- _What needs to be done_: Run through the records and, wherever a line holds the word "Benz", return that line.

[Excerpts from a dataset]
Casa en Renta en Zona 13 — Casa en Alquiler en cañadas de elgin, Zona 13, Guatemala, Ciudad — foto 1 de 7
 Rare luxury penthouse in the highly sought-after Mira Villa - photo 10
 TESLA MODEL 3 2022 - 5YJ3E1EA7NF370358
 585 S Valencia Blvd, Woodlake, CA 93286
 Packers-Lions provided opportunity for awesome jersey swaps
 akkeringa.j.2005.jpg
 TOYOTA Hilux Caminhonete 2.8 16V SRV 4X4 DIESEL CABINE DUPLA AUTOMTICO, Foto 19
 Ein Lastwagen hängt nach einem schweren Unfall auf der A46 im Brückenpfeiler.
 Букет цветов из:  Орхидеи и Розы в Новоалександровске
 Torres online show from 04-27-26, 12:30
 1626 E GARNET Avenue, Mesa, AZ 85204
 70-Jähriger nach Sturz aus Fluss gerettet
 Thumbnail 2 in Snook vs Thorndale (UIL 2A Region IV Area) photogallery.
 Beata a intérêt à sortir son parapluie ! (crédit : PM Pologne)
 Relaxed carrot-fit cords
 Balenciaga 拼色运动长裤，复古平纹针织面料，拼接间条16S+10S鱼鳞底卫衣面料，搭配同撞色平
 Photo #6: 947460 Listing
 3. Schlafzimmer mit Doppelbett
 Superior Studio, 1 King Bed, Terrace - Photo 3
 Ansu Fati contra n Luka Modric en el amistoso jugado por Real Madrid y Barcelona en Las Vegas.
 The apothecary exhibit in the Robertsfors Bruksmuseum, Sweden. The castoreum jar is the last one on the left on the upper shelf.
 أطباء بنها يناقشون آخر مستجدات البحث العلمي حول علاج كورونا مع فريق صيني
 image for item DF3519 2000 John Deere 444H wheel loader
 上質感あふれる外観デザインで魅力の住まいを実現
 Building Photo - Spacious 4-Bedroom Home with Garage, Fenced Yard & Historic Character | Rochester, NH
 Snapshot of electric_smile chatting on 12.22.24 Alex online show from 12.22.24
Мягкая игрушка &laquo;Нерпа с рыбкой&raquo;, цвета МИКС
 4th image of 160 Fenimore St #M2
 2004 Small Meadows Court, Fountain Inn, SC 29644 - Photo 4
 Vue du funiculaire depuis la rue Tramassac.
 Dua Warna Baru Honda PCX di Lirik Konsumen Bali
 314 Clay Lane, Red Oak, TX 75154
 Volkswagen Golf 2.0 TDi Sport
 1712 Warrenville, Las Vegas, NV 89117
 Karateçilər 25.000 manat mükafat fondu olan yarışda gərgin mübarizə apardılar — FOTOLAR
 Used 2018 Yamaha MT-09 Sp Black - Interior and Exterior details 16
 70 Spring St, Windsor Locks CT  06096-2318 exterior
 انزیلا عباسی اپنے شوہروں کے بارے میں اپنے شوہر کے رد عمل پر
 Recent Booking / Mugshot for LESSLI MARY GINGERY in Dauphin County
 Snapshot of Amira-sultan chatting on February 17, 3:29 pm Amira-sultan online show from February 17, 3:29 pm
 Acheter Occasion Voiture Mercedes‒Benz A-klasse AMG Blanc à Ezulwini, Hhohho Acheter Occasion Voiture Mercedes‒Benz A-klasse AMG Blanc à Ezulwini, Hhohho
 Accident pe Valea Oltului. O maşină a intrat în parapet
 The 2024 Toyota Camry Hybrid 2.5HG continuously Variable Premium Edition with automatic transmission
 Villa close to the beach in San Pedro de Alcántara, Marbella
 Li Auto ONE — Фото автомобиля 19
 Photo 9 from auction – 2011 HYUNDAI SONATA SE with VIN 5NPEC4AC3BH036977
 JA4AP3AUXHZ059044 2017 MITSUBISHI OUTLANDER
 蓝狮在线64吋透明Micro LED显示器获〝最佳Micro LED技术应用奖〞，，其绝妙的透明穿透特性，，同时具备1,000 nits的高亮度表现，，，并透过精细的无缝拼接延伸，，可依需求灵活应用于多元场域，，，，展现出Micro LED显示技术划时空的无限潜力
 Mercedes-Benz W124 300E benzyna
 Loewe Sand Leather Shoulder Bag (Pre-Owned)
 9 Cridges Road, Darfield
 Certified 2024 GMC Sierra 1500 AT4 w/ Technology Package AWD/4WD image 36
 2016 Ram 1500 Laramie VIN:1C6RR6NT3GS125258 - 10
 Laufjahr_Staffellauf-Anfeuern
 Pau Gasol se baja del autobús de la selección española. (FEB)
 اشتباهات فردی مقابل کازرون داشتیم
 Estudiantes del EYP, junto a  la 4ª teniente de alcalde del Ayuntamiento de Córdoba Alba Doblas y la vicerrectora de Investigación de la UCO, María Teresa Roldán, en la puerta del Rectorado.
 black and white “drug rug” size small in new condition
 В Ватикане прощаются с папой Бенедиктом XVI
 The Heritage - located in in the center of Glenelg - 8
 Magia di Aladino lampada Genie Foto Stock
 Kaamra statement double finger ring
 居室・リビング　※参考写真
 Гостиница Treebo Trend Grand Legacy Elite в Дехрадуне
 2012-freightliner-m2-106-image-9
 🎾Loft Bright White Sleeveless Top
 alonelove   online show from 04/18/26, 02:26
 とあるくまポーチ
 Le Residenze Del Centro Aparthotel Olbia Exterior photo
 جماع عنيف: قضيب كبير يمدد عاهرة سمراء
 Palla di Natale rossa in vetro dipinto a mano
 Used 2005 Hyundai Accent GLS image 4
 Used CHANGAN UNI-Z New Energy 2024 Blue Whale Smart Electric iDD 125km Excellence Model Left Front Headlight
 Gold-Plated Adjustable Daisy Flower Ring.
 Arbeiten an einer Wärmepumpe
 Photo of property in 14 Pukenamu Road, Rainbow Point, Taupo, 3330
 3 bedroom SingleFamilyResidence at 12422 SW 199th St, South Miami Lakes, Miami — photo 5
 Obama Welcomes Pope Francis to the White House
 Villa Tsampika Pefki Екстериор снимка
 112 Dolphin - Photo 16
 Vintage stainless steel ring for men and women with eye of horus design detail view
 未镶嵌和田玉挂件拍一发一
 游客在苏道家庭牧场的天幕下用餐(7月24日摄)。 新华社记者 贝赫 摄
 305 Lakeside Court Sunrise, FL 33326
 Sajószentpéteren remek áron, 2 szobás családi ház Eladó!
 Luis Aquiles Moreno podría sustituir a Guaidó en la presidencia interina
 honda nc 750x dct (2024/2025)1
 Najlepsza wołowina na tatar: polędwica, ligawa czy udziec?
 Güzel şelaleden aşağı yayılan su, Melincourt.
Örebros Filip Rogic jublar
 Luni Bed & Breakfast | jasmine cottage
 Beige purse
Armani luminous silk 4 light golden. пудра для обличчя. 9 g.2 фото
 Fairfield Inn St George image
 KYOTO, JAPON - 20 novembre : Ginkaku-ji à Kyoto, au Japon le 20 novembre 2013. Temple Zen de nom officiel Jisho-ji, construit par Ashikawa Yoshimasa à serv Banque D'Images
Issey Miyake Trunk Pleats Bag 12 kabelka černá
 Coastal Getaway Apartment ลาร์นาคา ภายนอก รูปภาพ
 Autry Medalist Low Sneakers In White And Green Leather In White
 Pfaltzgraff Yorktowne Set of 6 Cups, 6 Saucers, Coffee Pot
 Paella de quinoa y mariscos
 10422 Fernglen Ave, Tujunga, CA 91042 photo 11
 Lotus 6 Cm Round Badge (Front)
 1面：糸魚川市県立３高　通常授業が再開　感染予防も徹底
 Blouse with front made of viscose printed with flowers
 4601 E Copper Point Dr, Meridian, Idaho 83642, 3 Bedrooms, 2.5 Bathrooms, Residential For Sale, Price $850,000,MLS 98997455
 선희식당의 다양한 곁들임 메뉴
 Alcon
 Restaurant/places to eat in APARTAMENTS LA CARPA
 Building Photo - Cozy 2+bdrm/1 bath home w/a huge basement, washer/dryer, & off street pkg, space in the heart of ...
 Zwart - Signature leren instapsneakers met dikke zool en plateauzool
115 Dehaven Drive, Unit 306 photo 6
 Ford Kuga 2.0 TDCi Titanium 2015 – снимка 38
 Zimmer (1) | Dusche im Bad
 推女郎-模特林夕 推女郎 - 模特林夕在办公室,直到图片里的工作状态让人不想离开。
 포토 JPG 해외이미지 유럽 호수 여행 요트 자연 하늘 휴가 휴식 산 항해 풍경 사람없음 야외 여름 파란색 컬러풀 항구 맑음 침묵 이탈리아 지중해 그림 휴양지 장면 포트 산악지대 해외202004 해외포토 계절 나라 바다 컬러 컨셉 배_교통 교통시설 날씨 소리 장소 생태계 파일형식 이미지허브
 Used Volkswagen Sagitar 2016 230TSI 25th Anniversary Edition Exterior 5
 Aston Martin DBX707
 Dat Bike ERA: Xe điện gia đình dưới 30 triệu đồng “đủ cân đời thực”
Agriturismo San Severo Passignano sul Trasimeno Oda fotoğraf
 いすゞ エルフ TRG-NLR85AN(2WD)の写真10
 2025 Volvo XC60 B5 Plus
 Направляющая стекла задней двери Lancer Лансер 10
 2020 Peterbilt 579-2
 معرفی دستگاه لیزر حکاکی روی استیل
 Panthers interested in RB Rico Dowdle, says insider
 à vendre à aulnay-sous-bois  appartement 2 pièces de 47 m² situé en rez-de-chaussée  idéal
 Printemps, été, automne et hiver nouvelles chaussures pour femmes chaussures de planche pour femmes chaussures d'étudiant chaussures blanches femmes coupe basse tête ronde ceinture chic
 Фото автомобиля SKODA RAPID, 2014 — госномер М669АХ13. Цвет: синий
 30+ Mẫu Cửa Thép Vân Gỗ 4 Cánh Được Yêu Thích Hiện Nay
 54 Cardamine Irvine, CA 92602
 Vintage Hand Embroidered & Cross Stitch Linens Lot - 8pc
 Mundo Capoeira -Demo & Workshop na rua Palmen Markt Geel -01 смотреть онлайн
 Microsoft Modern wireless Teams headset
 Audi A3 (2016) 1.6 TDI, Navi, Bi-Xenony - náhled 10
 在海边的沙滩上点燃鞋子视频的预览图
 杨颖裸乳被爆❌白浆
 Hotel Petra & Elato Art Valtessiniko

- _Task output_:
 Acheter Occasion Voiture Mercedes‒Benz A-klasse AMG Blanc à Ezulwini, Hhohho Acheter Occasion Voiture Mercedes‒Benz A-klasse AMG Blanc à Ezulwini, Hhohho
 Mercedes-Benz W124 300E benzyna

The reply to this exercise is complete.